The problem arose in this fashion: Plaintiff bank in 1921 loaned John and Thomas Kehoe 2 $30,500, receiving a one year note, a mortgage forthwith duly recorded and an accompanying bond as collateral security. The debt being reduced by payments the note in 1935 was surrendered 3 and replaced by a demand note for $28,700 with 5000 bonds E. Prussian 6/53, 100 sh. Pelzer Mfg. Co. v. t. c., as additional security.

The Collector of Internal Revenue in 1936 duly recorded in Luzerne County a lien for $442,186.57 income taxes against John Kehoe.

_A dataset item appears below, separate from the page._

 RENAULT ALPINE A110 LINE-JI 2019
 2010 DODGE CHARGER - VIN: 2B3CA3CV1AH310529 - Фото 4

Under warrant of attorney in the bond accompanying the mortgage the bank on January 26, 1943, entered judgment of record for $30,500 against the mortgagors. Next day for a consideration the bank in writing agreed with Thomas Kehoe to limit thelien and collection of the mortgage, accompanying bond, judgment thereon, and the debt represented thereby to the property in question, and otherwise to release John and Thomas Kehoe from any further liability thereunder, 4 and surrendered 5 the demand note to Thomas Kehoe’s counsel.

Meanwhile the government filed suit on its tax claim in the United States District Court and an exemplified copy of a judgment for $549,983 obtained thereon was on March 11, 1943, duly recorded in Luzerne County. From other property of the taxpayer $9,000 was collected thereon; the balance remains due and unpaid.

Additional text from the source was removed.